[clang-tools-extra] 2a88fb2 - [pseudo] Eliminate the dangling-else syntax ambiguity.
Haojian Wu via cfe-commits
cfe-commits at lists.llvm.org
Fri Jul 22 00:13:29 PDT 2022
Author: Haojian Wu
Date: 2022-07-22T09:13:09+02:00
New Revision: 2a88fb2ecb72300bfbbc74c586fb415cc18c9f9d
URL: https://github.com/llvm/llvm-project/commit/2a88fb2ecb72300bfbbc74c586fb415cc18c9f9d
DIFF: https://github.com/llvm/llvm-project/commit/2a88fb2ecb72300bfbbc74c586fb415cc18c9f9d.diff
LOG: [pseudo] Eliminate the dangling-else syntax ambiguity.

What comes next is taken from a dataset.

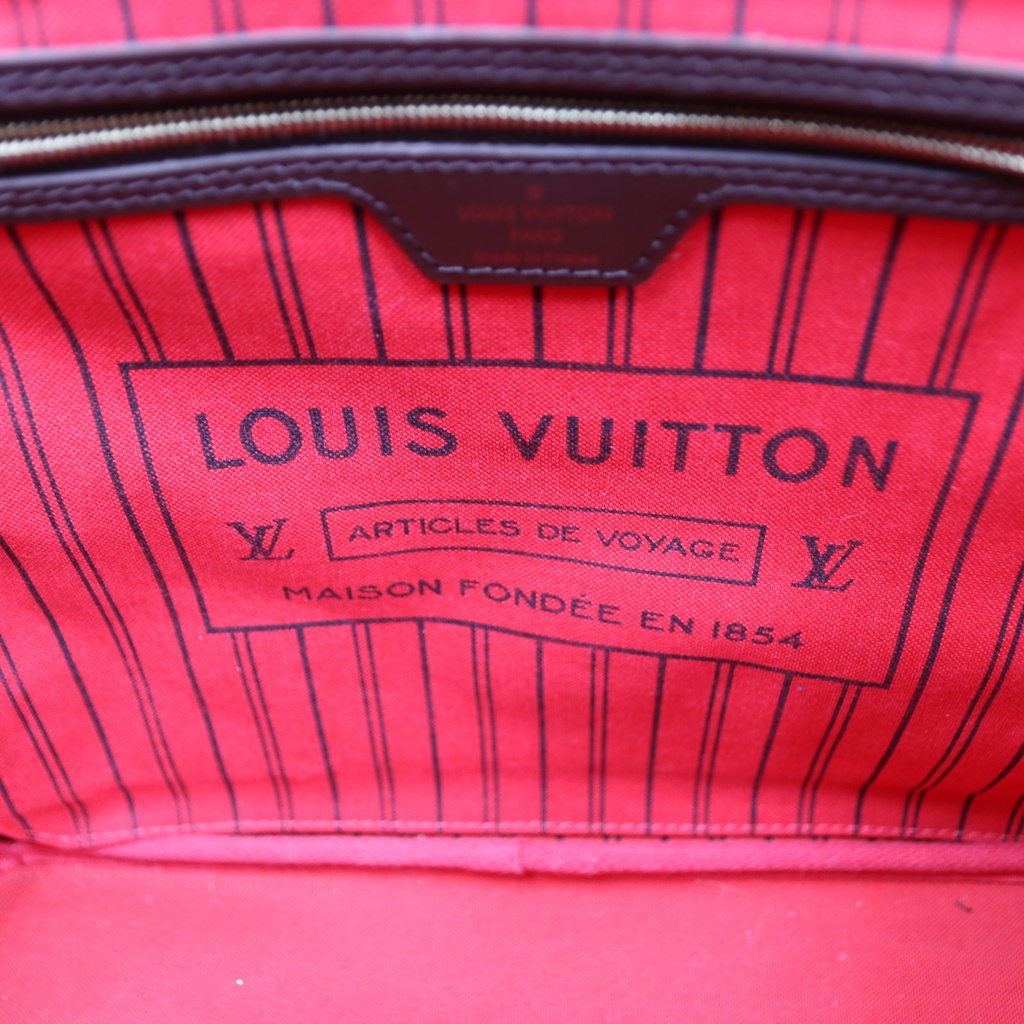 Louis Vuitton Damier Ebene Neverfull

- the grammar ambiguity is eliminated by a guard;
- modify the guard function signatures, now all parameters are folded in
to a single object, avoid a long parameter list (as we will add more
parameters in the near future);
Reviewed By: sammccall
Differential Revision: https://reviews.llvm.org/D130160
Added:
clang-tools-extra/pseudo/test/cxx/dangling-else.cpp
Modified:
clang-tools-extra/pseudo/include/clang-pseudo/Language.h
clang-tools-extra/pseudo/lib/GLR.cpp
clang-tools-extra/pseudo/lib/cxx/CXX.cpp
clang-tools-extra/pseudo/lib/cxx/cxx.bnf
clang-tools-extra/pseudo/unittests/GLRTest.cpp
Removed:
################################################################################
diff --git a/clang-tools-extra/pseudo/include/clang-pseudo/Language.h b/clang-tools-extra/pseudo/include/clang-pseudo/Language.h
index 3696543915cba..1a2b71f081da0 100644
--- a/clang-tools-extra/pseudo/include/clang-pseudo/Language.h
+++ b/clang-tools-extra/pseudo/include/clang-pseudo/Language.h
@@ -19,6 +19,12 @@ class ForestNode;
class TokenStream;
class LRTable;
+struct GuardParams {
+ llvm::ArrayRef<const ForestNode *> RHS;
+ const TokenStream &Tokens;
+ // FIXME: use the index of Tokens.
+ SymbolID Lookahead;
+};
// A guard restricts when a grammar rule can be used.
//
// The GLR parser will use the guard to determine whether a rule reduction will
@@ -26,8 +32,7 @@ class LRTable;
// `virt-specifier := IDENTIFIER` only if the identifier's text is 'override`.
//
// Return true if the guard is satisfied.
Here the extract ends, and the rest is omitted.